Range Types & Recursion: How to Search Availability with PostgreSQL
One of the many reasons that PostgreSQL is fun to develop with is its robust collection of data types, such as the range type. Range types were introduced in PostgreSQL 9.2 with out-of-the-box support for numeric (integers, numerics) and temporal ranges (dates, timestamps), with infrastructure in place to create ranges of other data types (e.g. inet/cidr type ranges). Range data is found in many applications, from science to finance, and being able to efficiently compare ranges in PostgreSQL can take the onus off of applications workloads.
Range types work very well in the presence of data: if I have a range, I can efficiently look it up. However, in the case of the absence of data, e.g. storing when dates are booked, but not when they are available, it may take a little more work to perform certain operations, such as looking up date availability. Let's explore a simple scheduling application where these problems occur and see how PostgreSQL already has the tools available to solve them.
Background: Range Notation
To avoid dusting off a precalculus textbook, please recall that:
- [3, 5] = 3 ≤ x ≤ 5
- [3, 5) = 3 ≤ x < 5
- (3, 5] = 3 < x ≤ 5
- (3, 5) = 3 < x < 5
where a bracket means "inclusive" and a parenthetical means "exclusive." [3, 5) defines an integer range with 3 inclusive, 5 exclusive.

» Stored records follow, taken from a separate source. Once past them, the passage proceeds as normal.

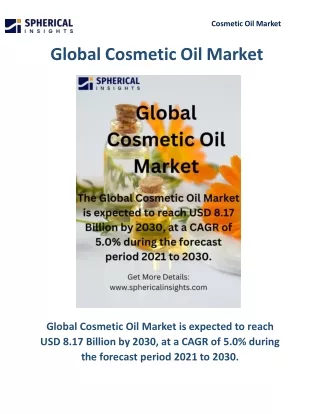 Global Cosmetic Oil Market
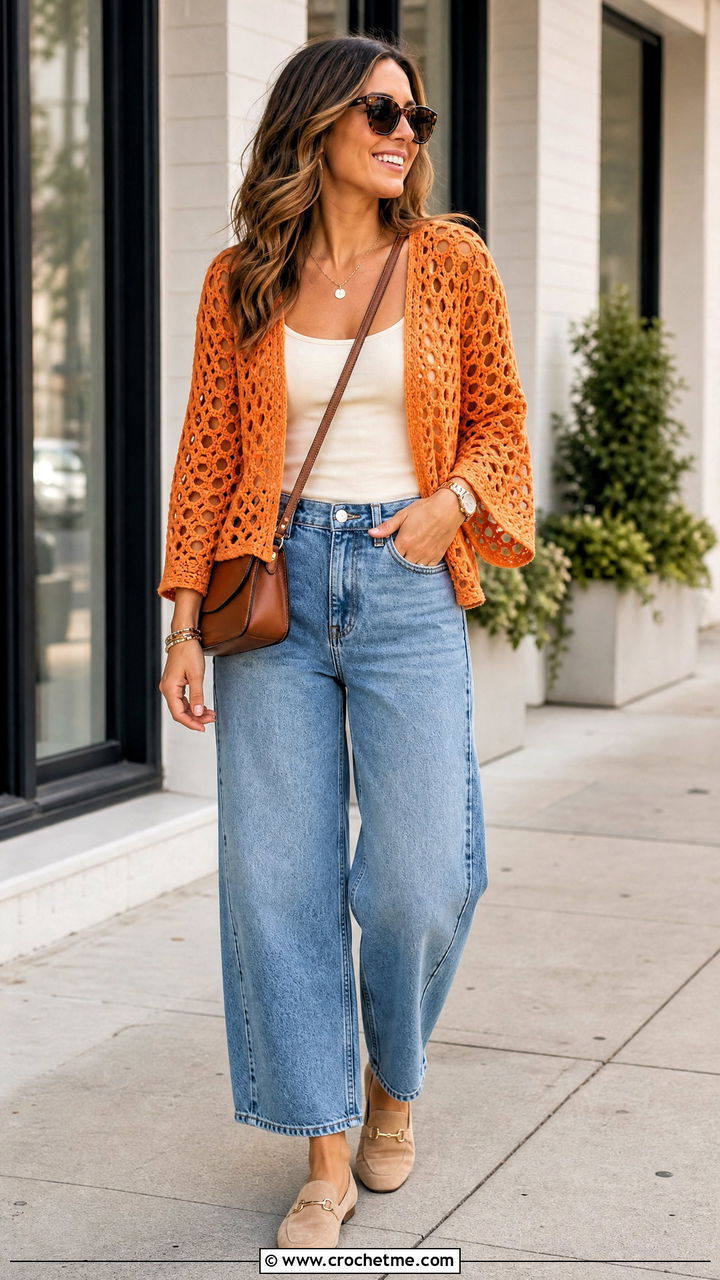 Honeycomb Crochet Mesh Top With Barrel Jeans - 35 crochet mesh top outfit ideas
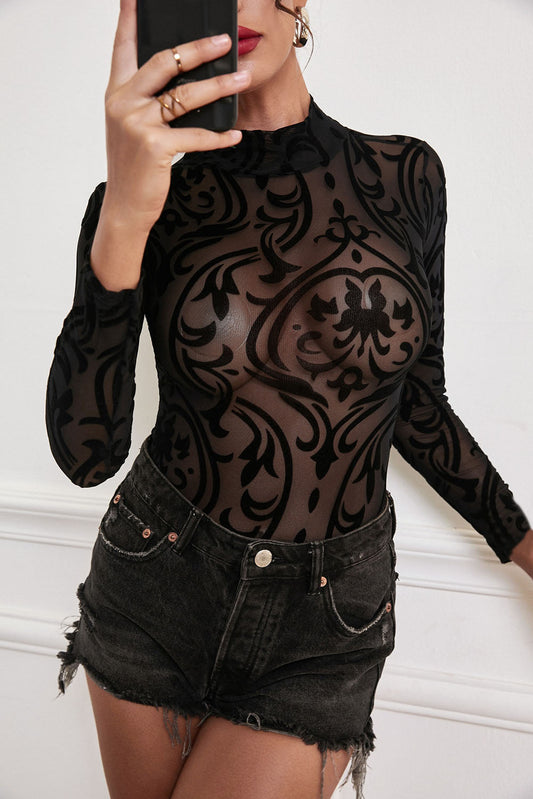 Black Sheer Mesh Pattern High Neck Long Sleeve Bodysuit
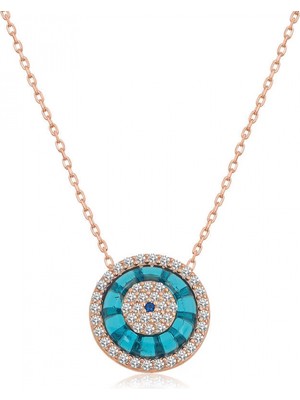 Supertrend Gümüş Rose Camgöz Nazar Bayan Kolye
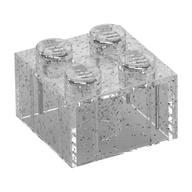 Brick 2 × 2 without Inside Ridges Glitter Trans-Clear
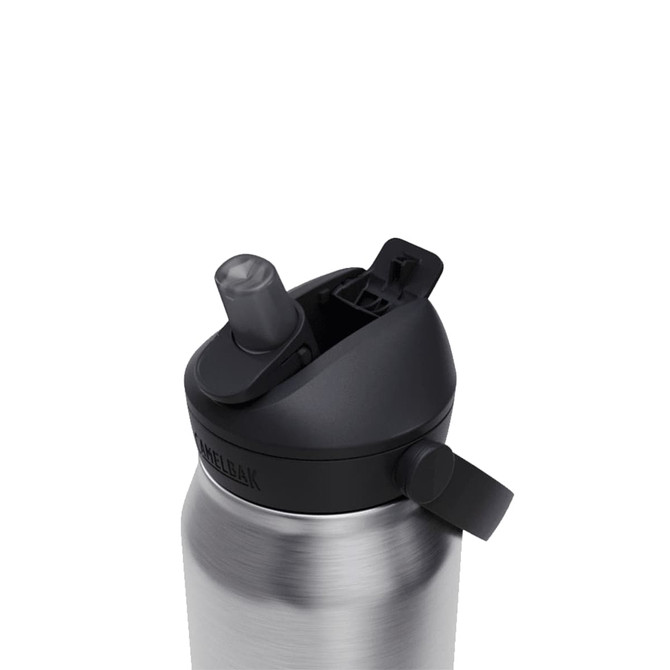 A drink bottle with a stainless steel body and a black, flip-top straw lid, featuring a logo.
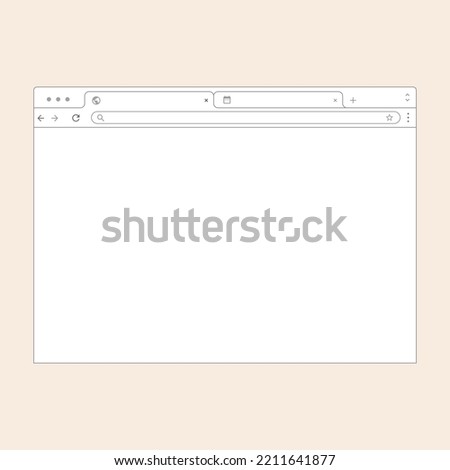 Editable browser wireframe with address bar and navigation tabs ready for ux and ui projects.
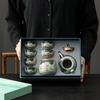 Ge Kiln Hand-Painted Kung Fu Tea Set, Household High-End Ceramic Teapot, Teacup Cover Bowl, Gift For Elders
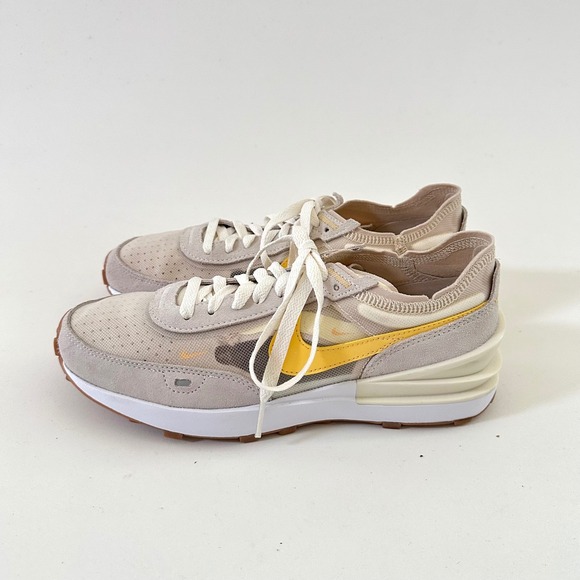 Nike Waffle One Sneakers Womens 8 Yellow Running Shoes Athletic Casual Sporty - Picture 3 of 11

For this example, we will be working with the daterange data type. By default, the a daterange is instantiated as a [x,y) type range, so
SELECT daterange('2018-03-01', '2018-03-02');
returns
[2018-03-01,2018-03-02)
which means the only date inclusive of this range is 2018-03-01.

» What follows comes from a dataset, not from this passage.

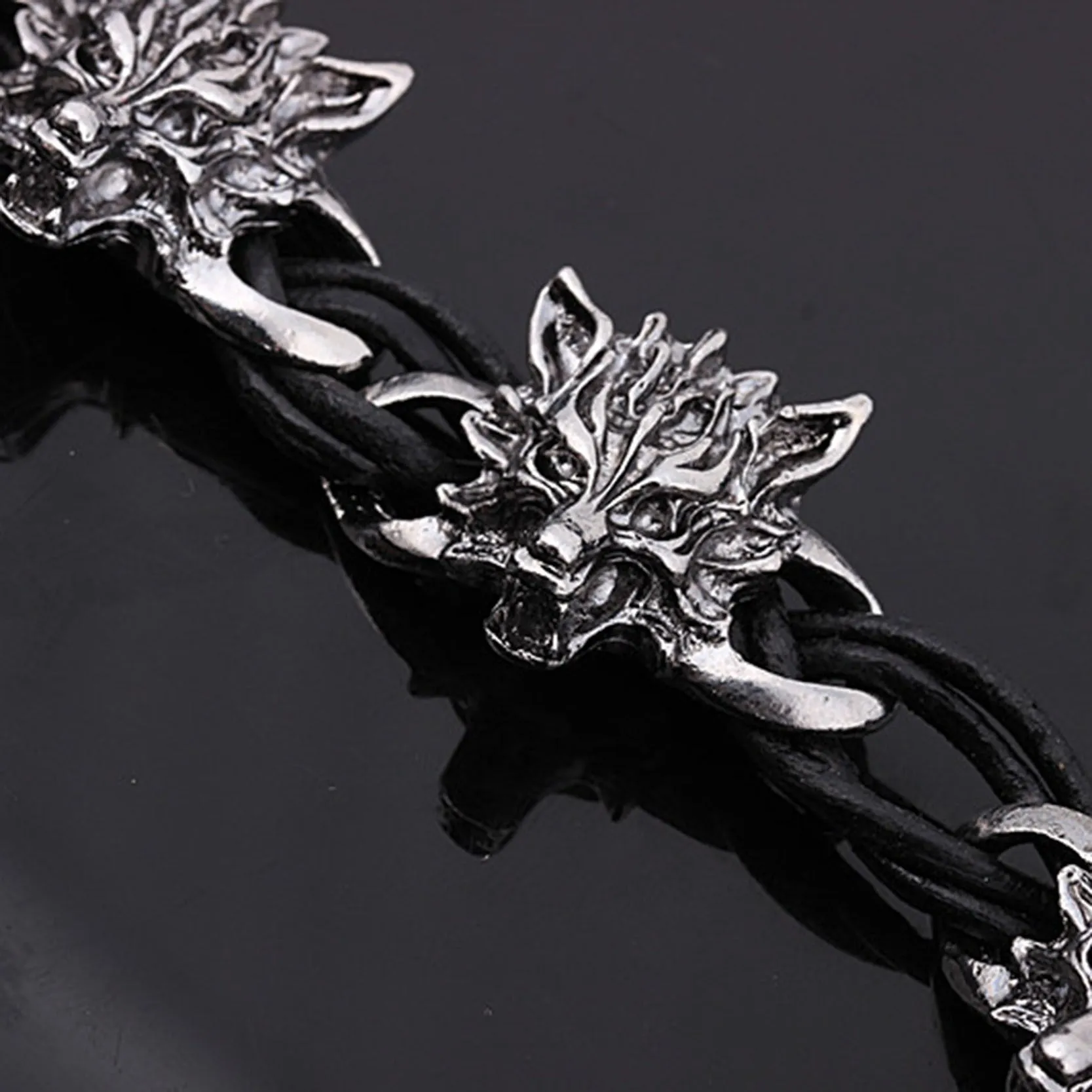 Men Bracelet Stainless Steel & Wolf PU Cuff Leather Bracelets Bangles Men Jewelry Accessories For Best Friends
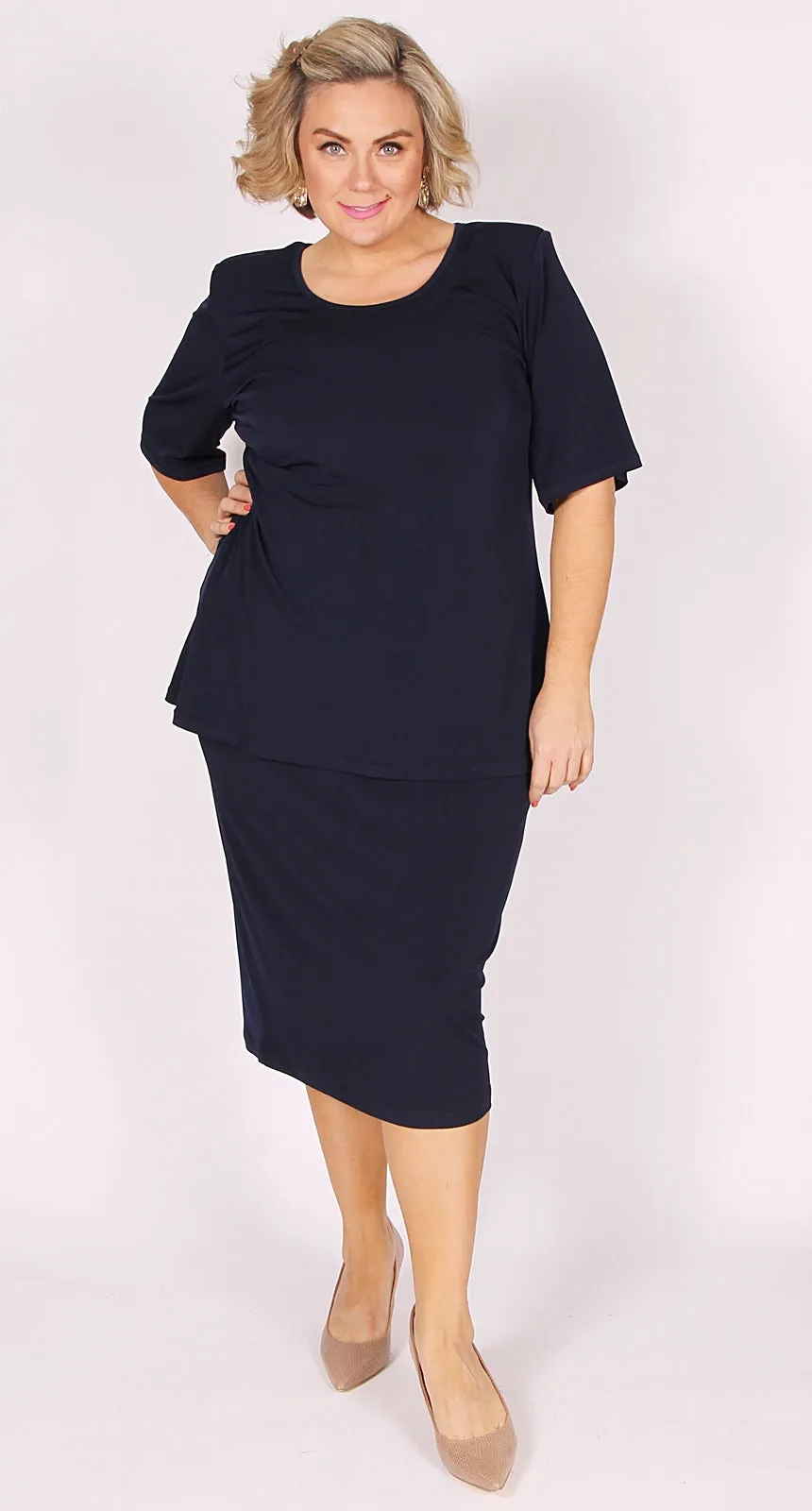 Rikki Round Neck Top Navy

Setting Up the Problem: Creating a Travel Scheduler
This guide will assume you have a glancing familiarity with the range functions available in PostgreSQL, as well as a running a PostgreSQL 10 database.
Creating a Table
Let's create a table to show when travel is booked that also prevents double booking. This can be accomplished with the following code:
CREATE TABLE travels (
id int GENERATED BY DEFAULT AS IDENTITY PRIMARY KEY,
travel_dates daterange NOT NULL,
EXCLUDE USING spgist (travel_dates WITH &&)
);
If you are not running PostgreSQL 10, the equivalent would be:
CREATE TABLE travels (
id serial PRIMARY KEY,
travel_dates daterange NOT NULL,
EXCLUDE USING spgist (travel_dates WITH &&)
);
The column to store the travel dates is named travel_dates and is of type daterange all the dates that cannot be booked for travel.
Notice at the end of the table definition, there is this line:
EXCLUDE USING spgist (travel_dates WITH &&)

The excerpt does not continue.